Mistral needs to be highly available (HA) and scalable.

This specification doesn’t attempt to describe all steps and measures that need to be taken in order to achieve these goals. It rather aims to set a common ground for understanding what tasks and challenges the team needs to solve and proposes approximate approaches for that.

Problem description

In a nutshell, being highly available and scalable means that we should be able to run more than one Mistral cluster component of any type (api, engine, executor) and gain more reliability and performance. Originally, Mistral was designed to be fully asynchronous and thus easily scalable, so we know that Mistral, in fact, works with multiple APIs, engines and executors and its performance becomes higher in this case. High availability though is a complex non functional requirement that is usually achieved by making lots of changes to account for various failure situations that can happen with multiple nodes of the systems. Particularly, the system should gracefully handle cluster topology changes: node addition and node departure. These events should not affect normal work of workflows that have already been started. So far, the Mistral team hasn’t spent significant time on HA. Although Mistral partially implements these two non functional requirements we need to make sure that all of their corresponding aspects are implemented and tested. This specification aims to clearly define these aspects and roughly propose approaches for taking care of them.

Use Cases

  • Scalability is needed when performance of a Mistral cluster component, such as Mistral engine, limited by resources (I/O, RAM, CPU) of a single machine, is not sufficient. Those are any use cases that assume significant load on Mistral, essentially lots of tasks processed by Mistral per time unit. Example: hosted workflow service in a public cloud.
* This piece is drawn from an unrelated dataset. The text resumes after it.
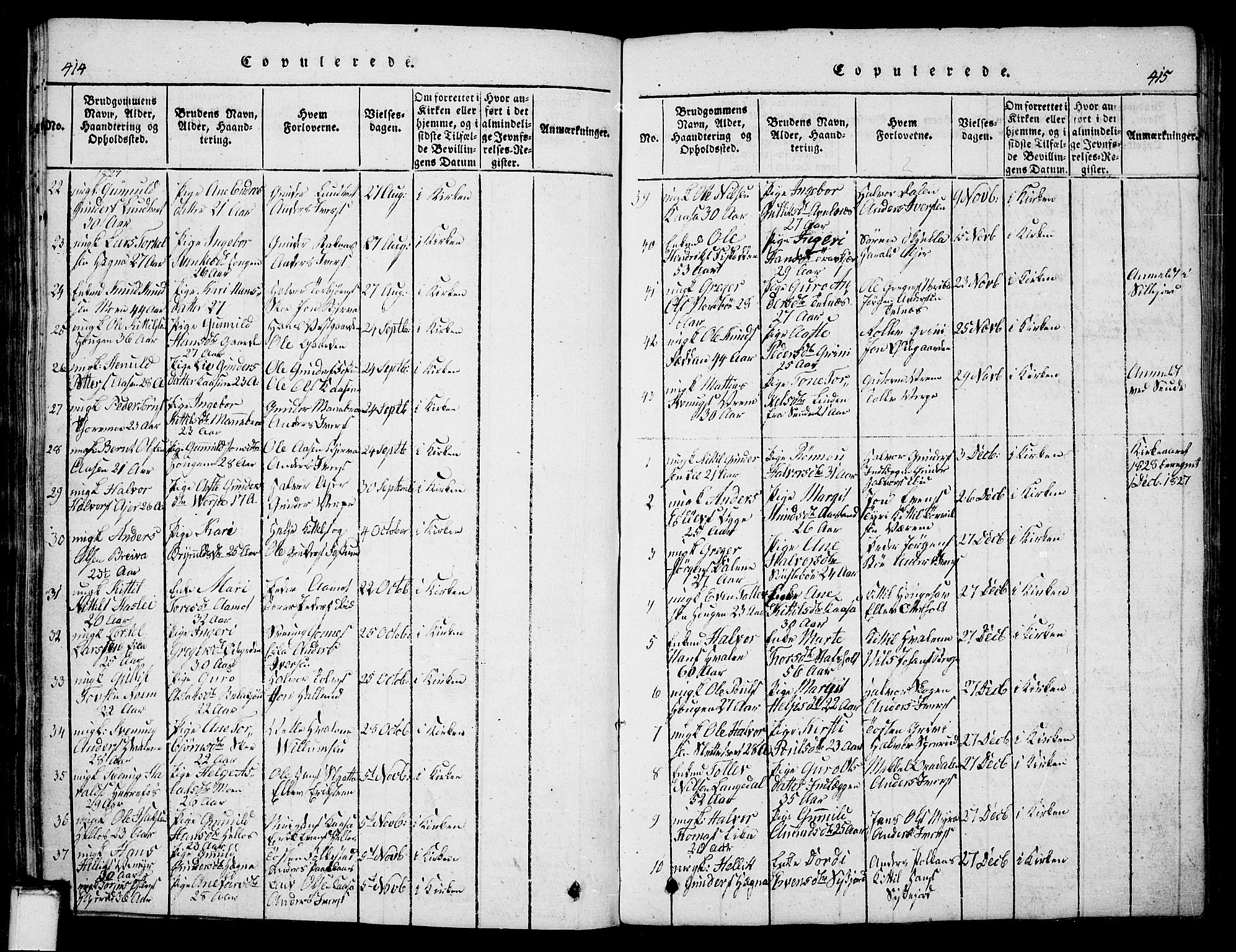 Bø kirkebøker, SAKO/A-257/G/Ga/L0001: Parish register (copy) no. 1, 1815-1831, p. 414-415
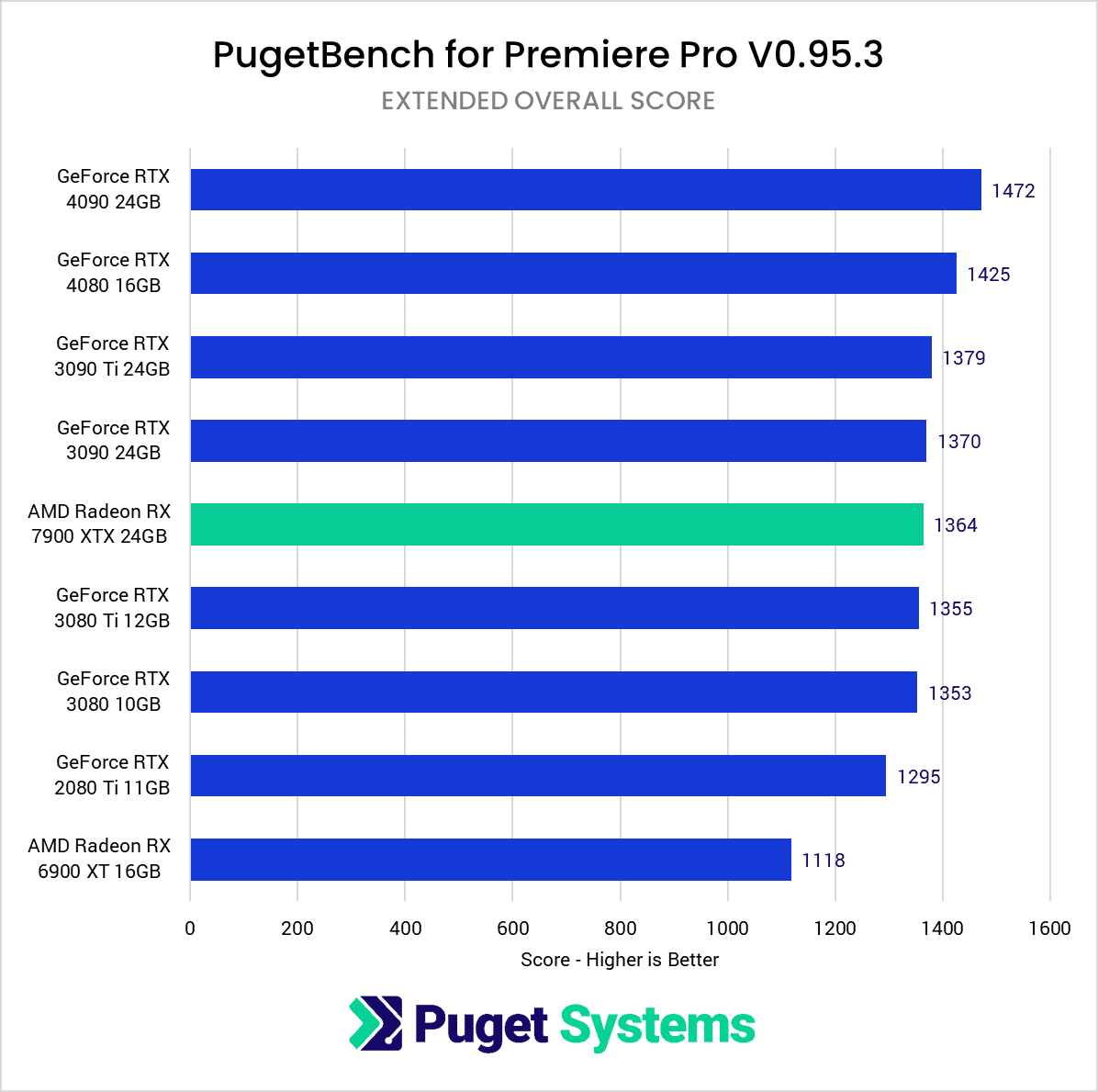 AMD Radeon 7900 XTX 24GB Adobe Premiere Pro benchmark overall score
  • High availability is critically important for use cases where workflows managed by Mistral should live even in case of infrastructure failures. To deal with these failures the system needs to have redundancy, i.e. extra instances of cluster components. Losing part of them doesn’t affect normal work of the system, all functionality continues to be accessible.

Proposed change

Testing infrastructure

Currently, Mistral team doesn’t have any infrastructure that would allow to automate testing of multi-node Mistral, whether we want to test scalability properties or reliability and availability. The first step towards achieving the goals defined by the spec is to create such an infrastructure.

Currently, the requirements for this infrastructure are seen as follows:

  • New gate in OpenStack CI that will allow to run any number of Mistral cluster components as separate processes

  • Python utility methods that will allow to start, stop and find running Mistral cluster components. This is required because we should be able to have different number of cluster components for different tests within the same gate. It will also allow to test addition and departure of cluster nodes (scale up and down).

  • Means that will allow to imitate infrastructure failures. One of the most important is lost messages in RPC.

  • A tool for benchmarking Mistral performance when it’s installed in multi-node mode. Ideally, it needs to be a separate gate (most likely based on Rally)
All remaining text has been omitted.